§ Activity
Using the records below, find how many lines hold the word "Shorts" and reply with only that number.

§ Record excerpts

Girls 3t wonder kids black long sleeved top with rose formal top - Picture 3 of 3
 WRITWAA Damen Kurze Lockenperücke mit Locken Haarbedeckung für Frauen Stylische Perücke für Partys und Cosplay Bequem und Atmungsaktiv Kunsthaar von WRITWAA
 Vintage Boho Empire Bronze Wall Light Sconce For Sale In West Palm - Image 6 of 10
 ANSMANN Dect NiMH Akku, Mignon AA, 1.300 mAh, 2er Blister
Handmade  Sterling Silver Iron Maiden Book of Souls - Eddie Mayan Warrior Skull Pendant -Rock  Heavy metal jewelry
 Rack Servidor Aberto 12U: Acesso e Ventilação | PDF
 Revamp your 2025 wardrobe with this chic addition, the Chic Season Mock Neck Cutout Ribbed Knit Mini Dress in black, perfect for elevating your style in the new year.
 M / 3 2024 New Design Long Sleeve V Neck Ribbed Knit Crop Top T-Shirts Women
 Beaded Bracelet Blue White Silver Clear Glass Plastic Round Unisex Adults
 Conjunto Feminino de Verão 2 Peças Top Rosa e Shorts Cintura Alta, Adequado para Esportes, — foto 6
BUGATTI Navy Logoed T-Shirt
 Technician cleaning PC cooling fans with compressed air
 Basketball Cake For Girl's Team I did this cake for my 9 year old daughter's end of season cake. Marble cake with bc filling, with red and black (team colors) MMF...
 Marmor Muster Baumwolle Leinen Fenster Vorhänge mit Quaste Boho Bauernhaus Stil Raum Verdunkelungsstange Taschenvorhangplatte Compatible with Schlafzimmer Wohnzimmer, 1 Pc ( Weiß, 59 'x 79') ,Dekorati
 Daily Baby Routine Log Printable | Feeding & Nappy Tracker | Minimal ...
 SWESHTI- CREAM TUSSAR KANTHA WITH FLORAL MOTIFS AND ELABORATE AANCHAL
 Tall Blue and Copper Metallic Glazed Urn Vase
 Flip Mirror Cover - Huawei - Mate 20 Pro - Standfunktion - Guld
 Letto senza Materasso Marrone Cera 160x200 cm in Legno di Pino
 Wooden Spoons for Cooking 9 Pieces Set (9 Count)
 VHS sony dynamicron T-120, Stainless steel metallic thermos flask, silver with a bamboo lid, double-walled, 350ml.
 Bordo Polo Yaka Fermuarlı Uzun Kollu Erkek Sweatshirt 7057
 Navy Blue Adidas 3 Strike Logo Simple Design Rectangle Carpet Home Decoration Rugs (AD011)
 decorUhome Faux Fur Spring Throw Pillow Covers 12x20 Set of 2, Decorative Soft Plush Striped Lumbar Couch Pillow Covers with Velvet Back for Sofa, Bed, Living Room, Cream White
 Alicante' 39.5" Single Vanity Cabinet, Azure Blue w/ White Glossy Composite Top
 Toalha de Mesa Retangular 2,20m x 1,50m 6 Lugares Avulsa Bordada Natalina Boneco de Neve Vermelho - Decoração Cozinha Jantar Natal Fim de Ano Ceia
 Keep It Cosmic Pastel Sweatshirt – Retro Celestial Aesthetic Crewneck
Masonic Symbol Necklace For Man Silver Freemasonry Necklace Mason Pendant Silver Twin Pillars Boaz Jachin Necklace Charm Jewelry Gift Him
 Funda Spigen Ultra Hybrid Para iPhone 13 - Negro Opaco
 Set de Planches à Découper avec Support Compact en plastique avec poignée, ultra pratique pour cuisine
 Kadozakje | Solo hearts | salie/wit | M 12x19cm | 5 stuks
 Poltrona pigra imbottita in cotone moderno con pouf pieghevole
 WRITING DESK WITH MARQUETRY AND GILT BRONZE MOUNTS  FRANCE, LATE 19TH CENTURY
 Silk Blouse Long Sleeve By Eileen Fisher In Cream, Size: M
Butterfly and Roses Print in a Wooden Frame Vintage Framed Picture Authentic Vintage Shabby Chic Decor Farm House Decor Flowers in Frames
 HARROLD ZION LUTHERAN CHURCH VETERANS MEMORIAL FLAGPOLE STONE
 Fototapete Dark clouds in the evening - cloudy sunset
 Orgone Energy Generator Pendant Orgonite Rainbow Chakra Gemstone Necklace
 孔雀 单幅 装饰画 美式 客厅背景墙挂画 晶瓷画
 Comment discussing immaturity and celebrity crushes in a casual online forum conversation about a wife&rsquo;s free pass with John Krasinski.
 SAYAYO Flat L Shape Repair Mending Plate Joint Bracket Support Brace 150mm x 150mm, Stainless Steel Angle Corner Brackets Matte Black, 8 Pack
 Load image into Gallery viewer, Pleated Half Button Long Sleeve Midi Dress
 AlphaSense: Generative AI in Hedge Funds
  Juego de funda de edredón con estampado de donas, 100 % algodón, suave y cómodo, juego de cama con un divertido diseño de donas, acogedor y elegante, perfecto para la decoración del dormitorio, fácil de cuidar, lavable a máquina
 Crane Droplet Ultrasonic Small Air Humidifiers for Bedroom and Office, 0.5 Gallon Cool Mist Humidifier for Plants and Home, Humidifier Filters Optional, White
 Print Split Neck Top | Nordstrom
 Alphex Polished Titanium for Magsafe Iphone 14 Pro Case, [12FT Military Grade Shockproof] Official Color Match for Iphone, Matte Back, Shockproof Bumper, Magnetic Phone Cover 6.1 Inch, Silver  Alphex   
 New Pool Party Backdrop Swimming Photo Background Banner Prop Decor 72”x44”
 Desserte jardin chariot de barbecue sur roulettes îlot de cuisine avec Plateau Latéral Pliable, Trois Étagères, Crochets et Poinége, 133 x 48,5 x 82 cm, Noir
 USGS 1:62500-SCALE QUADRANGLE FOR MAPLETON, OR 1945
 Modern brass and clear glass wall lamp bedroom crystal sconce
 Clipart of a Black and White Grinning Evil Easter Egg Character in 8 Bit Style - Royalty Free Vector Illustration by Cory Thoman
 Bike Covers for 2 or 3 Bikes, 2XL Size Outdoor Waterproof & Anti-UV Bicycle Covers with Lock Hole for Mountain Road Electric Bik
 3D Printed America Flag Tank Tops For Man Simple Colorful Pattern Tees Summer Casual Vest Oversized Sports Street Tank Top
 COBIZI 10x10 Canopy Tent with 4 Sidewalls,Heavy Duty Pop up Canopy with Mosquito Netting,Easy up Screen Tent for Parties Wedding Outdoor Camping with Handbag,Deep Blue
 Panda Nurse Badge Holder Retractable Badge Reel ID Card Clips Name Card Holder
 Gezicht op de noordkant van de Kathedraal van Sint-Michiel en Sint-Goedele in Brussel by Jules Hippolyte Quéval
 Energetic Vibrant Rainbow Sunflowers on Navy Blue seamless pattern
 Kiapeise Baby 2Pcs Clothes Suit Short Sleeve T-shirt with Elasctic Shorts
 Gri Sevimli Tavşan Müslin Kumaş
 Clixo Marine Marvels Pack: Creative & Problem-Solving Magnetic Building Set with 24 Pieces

§ Answer space
2